The San Diego State Native American Student Alliance held its first Indigenous Peoples Day rally Oct. 5 in protest of Columbus Day.
NASA organized the rally in front of Hepner Hall at noon, chanting and singing “bird” songs.
Organizers said the rally was to draw attention to the injustice of the holiday and showcase the diversity of indigenous cultures.
“Celebrating Columbus is a narrative that celebrates genocide and invasion,” said SDSU NASA president Marissa Mendoza. “Our education system has failed us in many ways, and it’s erasing Native Americans from history books.”
Mendoza said the main goal of the rally is to abolish Columbus Day and promote indigenous identity.
“The rally should open up a conversation of San Diego as a whole denouncing Columbus Day and declaring it Indigenous Peoples Day,” Mendoza said.
Sustainability senior Brie Hornig said the rally was “like a form of resistance.”
“I think this is a time that native people can really re-claim (the holiday) and be able to celebrate their rootedness in resilience,” Hornig said.

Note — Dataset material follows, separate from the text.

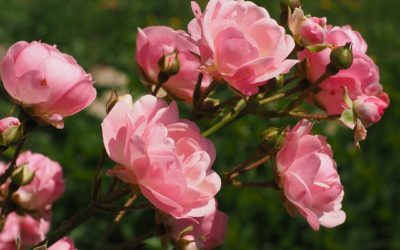 Bouture de rosier : Explication, période idéale et techniques de bouturage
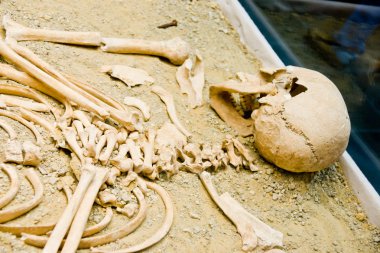 archeology, human bones clipart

Lane Yazzie, SDSU NASA’s public relations officer, said Columbus Day celebrates colonization and genocide of indigenous people.
“The rally is about educating non-natives about native issues and making sure history is accurately portrayed and uniting other indigenous groups within San Diego,” Yazzie said. “We decided to host the rally to raise awareness about abolishing Columbus Day and switching it with Indigenous Peoples Day.”
Kumeyaay community member Joseph Alvarado, who is not a student, said the bird songs sung by rally-goers were creation stories.
“There are some songs that are very sacred. There are some songs that are social. Each song describes our ancestors’ hardships from when they began to travel, getting kicked out of where their original lands were/”
“They are passed down from generation to generation,” said Joseph Alvarado, a non-student and a member of the Kumeyaay community. “Each song describes our ancestors’ hardships from when they began to travel, getting kicked out of where their original lands were.”
Alvarado said he was at the rally to fight for change.
“I am a direct descendant of the ancestors and it really hurts to think what they had to go through,” he said. “And what they did go through is the only reason I’m here today, because they didn’t give up and they kept fighting. And I’m not going to give up and I’m going to keep fighting.
Bioengineering graduate student Maricruz Carrillo said she was at the rally to support her fellow Native American students.
“It’s ridiculous that we’re still celebrating a man (who) slaughtered and completely took over the land of the people that were already here, yet he’s still celebrated as a hero,” Carrillo said.
Hornig said she hoped the rally would spark a conversation about past injustices against Native Americans.
“People who are walking by may see this type of thing and they may think twice to themselves, like really thinking deeper into the things we accept as normal, like Christopher Columbus Day,” she said.
But she was also a little pessimistic.
“I also think there will be the people who really don’t think twice about it because there (are) a lot of people who, if it doesn’t affect them directly, then they won’t really think twice about it,” she said.